Déboulonnage en douceur, l’encre rouge de Fatshi




Déboulonnage en douceur, l’encre rouge de Fatshi







C’est à Washington, lors de son premier voyage au Pays de l’Oncle Sam, répondant à une question d’un confrère de la Voix de l’Amérique(VOA) que le Président de la République, chef de l’Etat, Félix Antoine Tshisekedi Tshilombo, lança : « Je vais debouloner le système dictatorial… ».

Très mal interprété et analysé par ces partenaires de la coalition FCC-CACH, qui ont envahi les médias pour faire part de leurs désapprobations. Cette phrase a été une bombe. Les applaudissements frénétiques de l’assistance traduisaient bien les attentes de toute la population congolaise qui était fatiguée du pouvoir AFDL – AMP – PPRD-FCC ayant régné pendant 20 ans.

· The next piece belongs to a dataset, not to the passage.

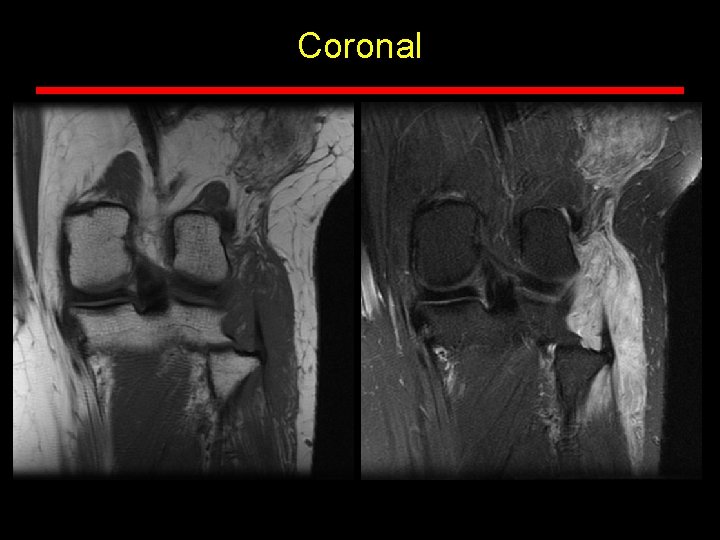 Coronal Coronal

Pour y arriver, beaucoup des compatriotes s’attendaient à ce que FATSHI renverse la table et brutalement nargue les caciques du FCC. Certains n’ont pas hésité de demander au Chef de l’Etat de dissoudre le parlement et d’organiser des élections anticipées. Les autres allaient même plus loin en réclamant l’arrestation immédiate de Joseph Kabila et de tous ceux représentants la kabilie. Eh bien non ! Félix Tshisekedi peaufine une stratégie dont le secret était détenu par lui-même.

Ce dernier s’est fait petit en supportant non sans frustration des humiliations sans réagir violemment, et pourtant rien ne l’empêchait d’emprunter cette logique. On se rappelle du refus du ministre Fcc du portefeuille d’exécuter les ordonnances nommant les mandataires aux entreprises publiques, la SNCC et la GECAMINES.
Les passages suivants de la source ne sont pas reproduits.